The tribunal's decision
16 There was no dispute before the tribunal that the appellant's army service constituted eligible defence service for the purpose of the VE Act. It was also common ground, and the tribunal accepted, that Mr Boys was involved in three motor accidents, in 1981, 1982 and 1983 respectively, when he was returning to army camp (Puckapunyal), each of which affected his neck.
17 There was also no dispute that he suffered from cervical spondylosis.
18 Mr Boys first sought to establish that his cervical spondylosis was related to his service and that he was eligible for an increase in the rate of payment of his pension (which was being paid at 90% of the "general rate") by an application to the Repatriation Commission lodged 14 May 2014 - that is to say, approximately six weeks before the revocation of SoP No 34.
19 On 7 May 2015, a delegate of the Commission decided that Mr Boys' cervical spondylosis was not related to service, and decided that he was eligible for an increase in the payment of his pension to 100% of the general rate. The VE Act also provided for the assessment and payment of disability pensions at a "special rate", which was higher than the general rate.
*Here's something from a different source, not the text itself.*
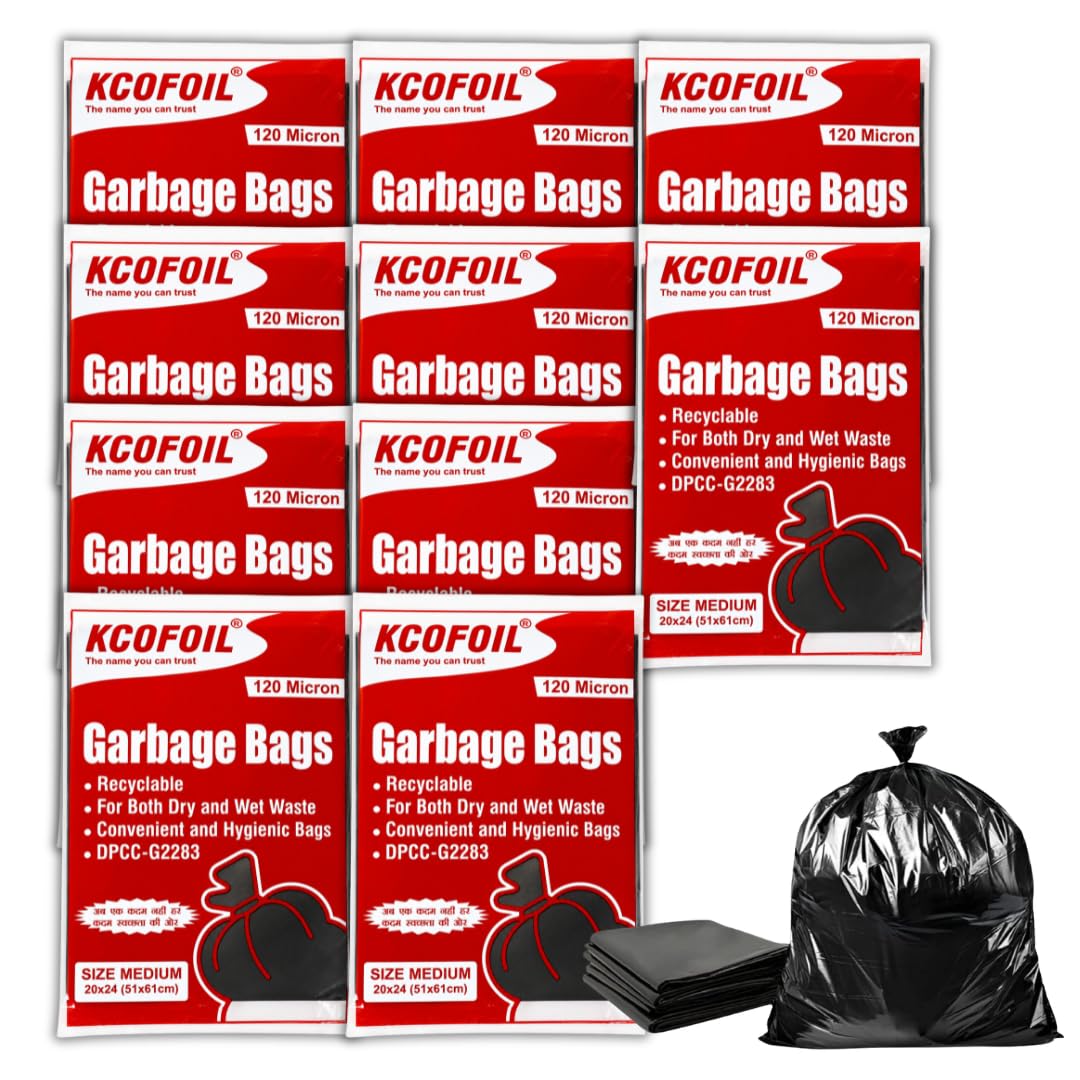 KCOFOIL 120-Micron Garbage Bag - Medium | 20 x 24 Inches | Lightweight & Leakproof Waste Bags | Heavy Duty Trash Bags for Home, Kitchen, Office & Bathrooms | Pack of 10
The Commission found that Mr Boys was not eligible for pension at the special rate.
20 By an application dated 26 May 2015, Mr Boys applied to the Veterans' Review Board for a review of the Commission's decision. On 8 November 2017, the Board informed Mr Boys that it had affirmed the Commission's decision.
21 Several weeks later, Mr Boys applied to the tribunal for a review of the Board's decision. The tribunal heard the application in August 2019, and, after receiving further submissions in May 2020, affirmed the Board's decision in July 2020. It is that decision that is the subject of this appeal.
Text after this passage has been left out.